I mentiond thee in my last that We had (after letting a particular Sect try their Strength to get some Violent Measures Carried) Essayd a letter to the Merchants and Manufacturers of G. Brittain; which We have so formed as I hope will give no Offence to any Person, Yet I think it points Out what will be the Consequence, of the parliments going on to tax us without our Consent in such terms as must Convince them that their Interest is Concernd in the repeal of these Statutes as well as Ours; It is signd by the General part of the Traders here; And one Copy is sent to London, Another to Bristol and a Third to Liverpool; We should As a Committee have wrote thee particularly on the Subject, but have been so pinched for time, that it could not be done in that full and Clear Manner we Could wish;7 the Committe therefore have requested me to Appologize to thee in their behalf, and beg thy attention, Weight and Influence in the obtaining redress in a Matter which are of so much Importance to both Countries, I have the Satisfaction of Inclosing thee a printed Copy; We intend by Capt. Story who may sail in about a week to send the printed Ones, so that they will be distributed thru’ All the manufacturing towns &c.

The papers will generally inform thee of the scituation of the Boston people Or rather of the representations which both sides of the question Make respecting those People, but be Assured, that by some of our [people] of this province who have lately returnd from thence We are informd that the real Disposition and temper of the People in general, is Quite peaceble and Agreable to What every true Lover of the Brittish Interest would desire;8 No doubt there are Others of a different Stamp, but its a pitty the Innocent should suffer for those that are not So.

[Note numbering follows the Franklin Papers source.]

2For accounts of this important treaty see [Samuel] Wharton to BF below, Dec. 2, 1768; N.Y. Col. Docs., VIII, 111–34; Johnson Papers, XII, 617–29; Lewis, Indiana Co., pp. 60–5.

3All other colonial governors already had Indian names, Chief Canaghquieson declared, and thereupon gave his name to WF; the Indians changed the name, however, to Sagorighweyoghsta, meaning dispenser or arbiter of justice. N.Y. Col. Docs., VIII, 115, 117; [Samuel] Wharton to BF below, Dec. 2, 1768.

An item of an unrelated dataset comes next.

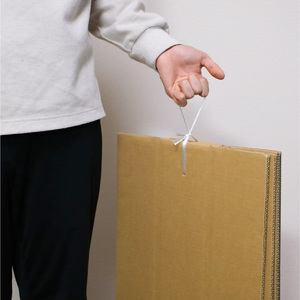 ダンボール貫通カッター／引っ越し　紐通し　穴あけ　結束　ゴミ捨て　荷造り　段ボール　まとめる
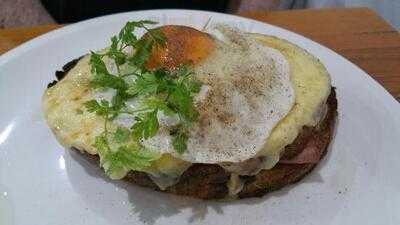 Two Little Pigs Charcuterie & Grind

4The “suffering traders” had for years been divided into factions, which were unable to ally for long in pressing their claims. Some hoped to be compensated for losses suffered in 1754 at the outbreak of the French and Indian War, others for losses in 1763 during Pontiac’s rising. After George Croghan had tried unsuccessfully in England to get compensation for both, he, William Trent, Samuel Wharton, and others had concentrated on the claims dating from 1763. Lewis, op. cit., 39–40, 44–5. A faction in Philadelphia, headed by John Cox, contested the right of this group to negotiate, refused to accept the decision that Wharton describes, and pressed for recognition of their own losses in 1754 and their claims as creditors of those who had suffered in 1763; they threatened to petition the King. Jack M. Sosin, Whitehall and the Wilderness: the Middle West in British Colonial Policy, 1760–1775 (Lincoln, Neb., 1961), pp. 174, 181–2. Their agent at Fort Stanwix has been identified as Daniel Coxe (Johnson Papers, XII, 618 n); but he arrived in England late in 1767 at earliest (above, XIV, 300), could scarcely have returned in time, and in any case seems to have had nothing to do with these speculators. We are convinced, although we cannot prove it, that their spokesman was John Cox.

5Benjamin Chew and James Tilghman, two of the Pennsylvania commissioners. Chew was attorney general and a member of the provincial council, Tilghman secretary of the Land Office.

6John Penn, the governor, and the Rev. Richard Peters, the former secretary of the province.

7See the letter of the Philadelphia merchants to BF below, Nov. 10, 1768.

8A reference to the relatively mild resolutions passed by the convention of Massachusetts towns, and to the Bostonians’ grudging reception of the royal troops.